O Ministério Público da Bahia (MPBA) emitiu uma recomendação formal no último domingo, dia 26, exigindo que a prefeitura de Santa Maria da Vitória interrompa imediatamente a prática de designar um servidor efetivo do cargo de porteiro para ministrar aulas de Educação Física. A medida, endereçada ao prefeito, à Secretaria Municipal de Educação e à direção da Escola Júlio Francisco dos Santos, visa assegurar a qualidade do ensino básico na rede pública.

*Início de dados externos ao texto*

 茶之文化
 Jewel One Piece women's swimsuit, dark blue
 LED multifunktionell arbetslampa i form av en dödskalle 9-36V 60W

O documento, assinado pelo promotor de Justiça Jürgen W. Fleischer Jr., enfatiza que o exercício do magistério exige formação específica em nível superior, na modalidade de licenciatura. A atuação de profissionais sem a devida habilitação técnica para disciplinas obrigatórias da matriz curricular fere o direito fundamental dos estudantes a um ensino qualificado e em conformidade com as normas educacionais vigentes.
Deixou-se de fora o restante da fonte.